Z sondaży wynika, że we francuskim parlamencie największą siłą będzie lewicowy Nowy Front Ludowy, następnie centrowy obóz Emmanuela Macrona, a na końcu Zjednoczenie Narodowe Marine Le Pen wraz z sojusznikami.
Według wyliczeń, które podaje agencja Bloomberga, lewica może liczyć na 170-215 mandatów, obóz prezydenta 150-182 mandaty, a skrajna prawica, która wygrała pierwszą turę wyborów 110-158 mandatów.
Wyniki badania exit poll zostały sporządzone na podstawie odpowiedzi, które ankieterom udzielili Francuzi po wyjściu z lokali wyborczych. Reprezentatywna grupa wskazywała, na kogo oddała głos. Oficjalne wyniki spłyną w nocy z niedzieli na poniedziałek.
Dalsza część artykułu pod materiałem wideo
Jak rynki zareagują na wyniki drugiej tury wyborów we Francji?
Sondażowe wyniki drugiej tury wyborów we Francji wskazują, że żadne z ugrupowań nie jest na tyle silne, aby samodzielnie rządzić, do czego potrzeba 289 mandatów. Komentatorzy akcentują, że utworzenie koalicyjnego rządu nie będzie łatwe i do tego trudno przewidzieć, jak będzie wyglądał.

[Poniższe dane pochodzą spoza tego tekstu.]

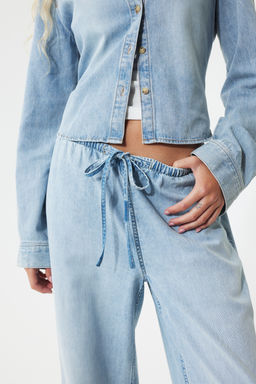 Pantal?n denim con cord?n de ajuste - H&m фото 10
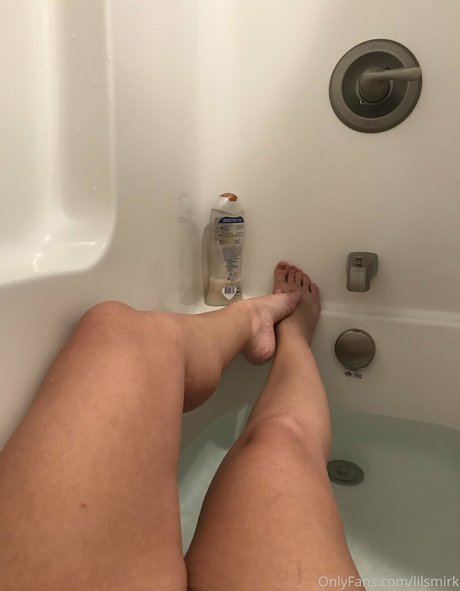 Foto di nudo di fuga di OnlyFans di Lilsmirk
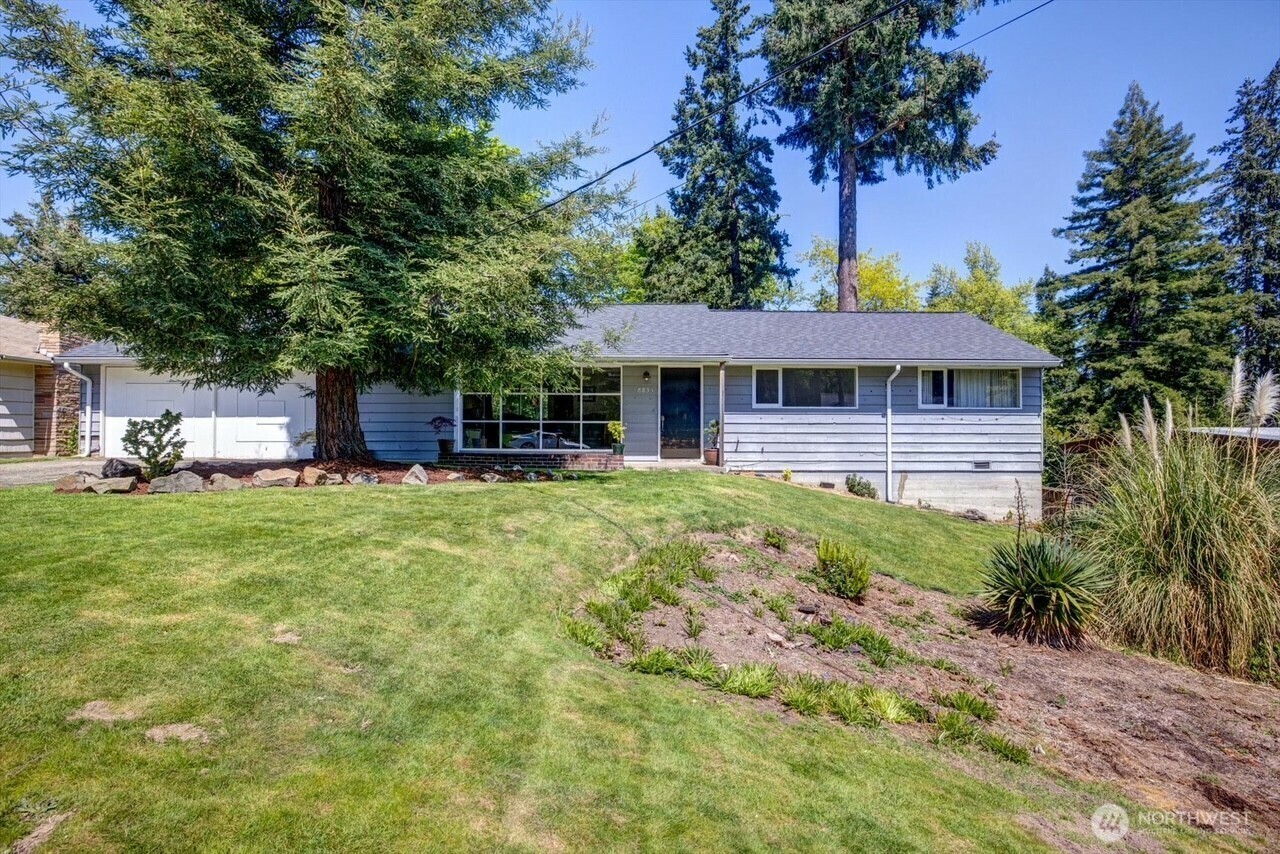 Property Photo: 8836 SE 39th Street WA 98040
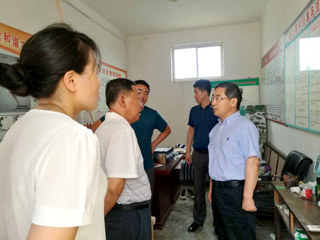 校长陈士夫一行看望永利官网驻村扶贫工作队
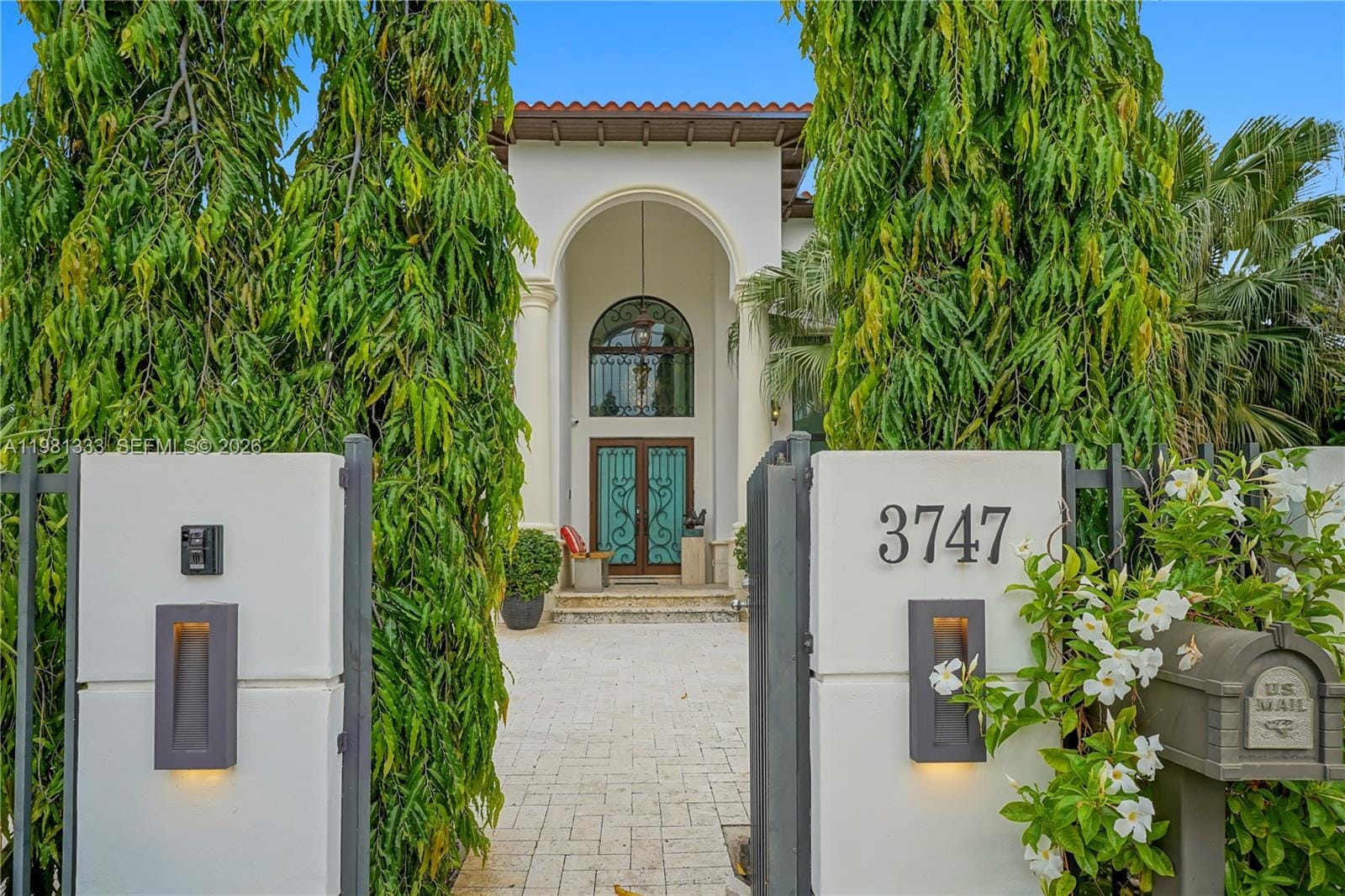 Building Photo - 3747 Prairie Ave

"Teraz pojawia się pytanie, w jaki sposób lewica i Macron mogą utworzyć rząd, który będzie cieszył się poparciem w parlamencie ponad podziałami partyjnymi. Zwłaszcza biorąc pod uwagę, że sam Macron nazwał Francja Nieujarzmiona – dużą część lewicowego Nowego Frontu Ludowego – partią ekstremistyczną, a część jego zwolenników wzywała do niegłosowania na jej kandydatów" - pisze Bloomberg.
Prof. Aleksander Smolar, politolog i były prezes Fundacji Batorego, w rozmowie z PAP wskazuje na wiele niejasności.
- Po pierwsze dokładne wyniki, bo to są tylko widełki. Po drugie, według praktyki francuskiej, prawo utworzenia rządu powinna dostać formacja, która uzyskała najwięcej głosów, czyli lewica. Tyle że lewica jest bardzo podzielona. I o ile socjaldemokratyczna część lewicy może współrządzić razem z centrystami i demokratyczną prawicą - jest to część lewicy, którą kierował do wyborów europejskich Raphael Glucksmann - to Francja Nieujarzmiona Jean-Luca Mélenchona to są radykałowie, z którymi ani centryści, ani demokratyczna prawica, nie będą chcieć utworzyć rządu - powiedział.
Jak na wyniki zareagują rynki? - To prawdopodobnie przyniesie świeże westchnienie ulgi zarówno francuskim, jak i europejskim akcjom, a także euro na otwarciu - ocenia Ipek Ozkardeskaya, starszy analityk w Swissquote Bank.
To wielka niespodzianka i prawdziwy cios dla Zjednoczenia Narodowego. Niekoniecznie jest to dobre dla rynków: przejęci przewodnictwa przez Nowy Front Ludowy może wzbudzić obawy ze względu na ich program, który został najsłabiej oceniony przez rynki" - dodaje Andrea Tueni, dyrektor ds. sprzedaży w Saxo Banque France.
Partia Le Pen ze zwycięstwem w pierwszej turze wyborów we Francji
W pierwszej turzy wyborów, które odbyły się tydzień temu (w niedzielę, 30 czerwca), najwięcej głosów zdobyli kandydaci skrajnie prawicowego Zjednoczenia Narodowego Marine Le Pen wraz z sojusznikami - 33,2 proc. Na drugim miejscu był lewicowy Nowy Front Ludowy (28 proc.), a dalej centrowy obóz prezydenta Emmanuela Macrona (20 proc.) oraz prawicowi Republikanie (6,6 proc.).
Po pierwszej turze 76 kandydatów już zapewniło sobie mandat i w drugiej turze Francuzi wybierali 501 deputowanych spośród około 1100 kandydatów. W większości okręgów (ponad 400) pojedynki rozegrały się między dwoma kandydatami, w około 90 - między trzema.
Nowy Front Ludowy i partie skupione wokół prezydenta Macrona wzajemnie wycofały w wielu okręgach swoich kandydatów, by uniknąć rozproszenia głosów i udaremnić Zjednoczeniu Narodowemu zdobycie większości bezwzględnej w parlamencie.